Feng Jianglin, Sheffield Nathan C
Center for Public Health Genomics, School of Medicine, University of Virginia, Charlottesville, VA 22903, USA.
Department of Public Health Sciences, School of Medicine, University of Virginia, Charlottesville, VA 22903, USA.
Bioinformatics. 2021 Apr 9;37(1):118-120. doi: 10.1093/bioinformatics/btaa1062.

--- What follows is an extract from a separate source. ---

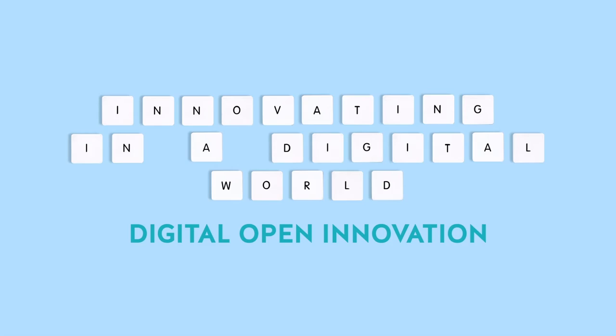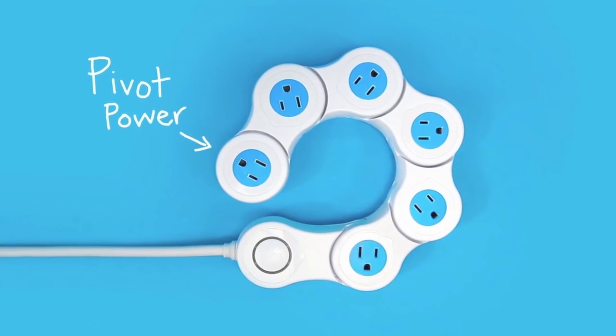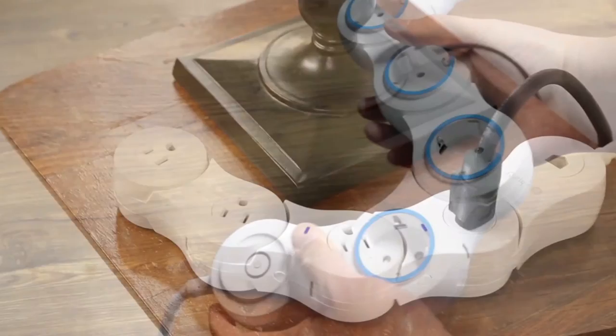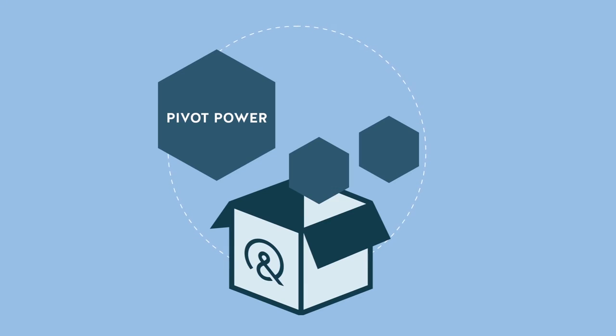Digital Open Innovation. Pivot Power is a flexible surge protector. This is Quirky's star product — an internet platform used to co-create products between multiple individuals.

Databases of large-scale genome projects now contain thousands of genomic interval datasets. These data are a critical resource for understanding the function of DNA. However, our ability to examine and integrate interval data of this scale is limited. Here, we introduce the integrated genome database (IGD), a method and tool for searching genome interval datasets more than three orders of magnitude faster than existing approaches, while using only one hundredth of the memory. IGD uses a novel linear binning method that allows us to scale analysis to billions of genomic regions.
https://github.com/databio/IGD.
Supplementary data are available at Bioinformatics online.
大规模基因组项目的数据库现在包含数千个基因组区间数据集。这些数据是理解DNA功能的关键资源。然而,我们检查和整合这种规模区间数据的能力是有限的。在这里,我们介绍了整合基因组数据库(IGD),这是一种方法和工具,用于搜索基因组区间数据集,其速度比现有方法快三个数量级以上,同时仅使用现有方法百分之一的内存。IGD使用一种新颖的线性装箱方法,使我们能够将分析扩展到数十亿个基因组区域。
https://github.com/databio/IGD。
补充数据可在《生物信息学》在线获取。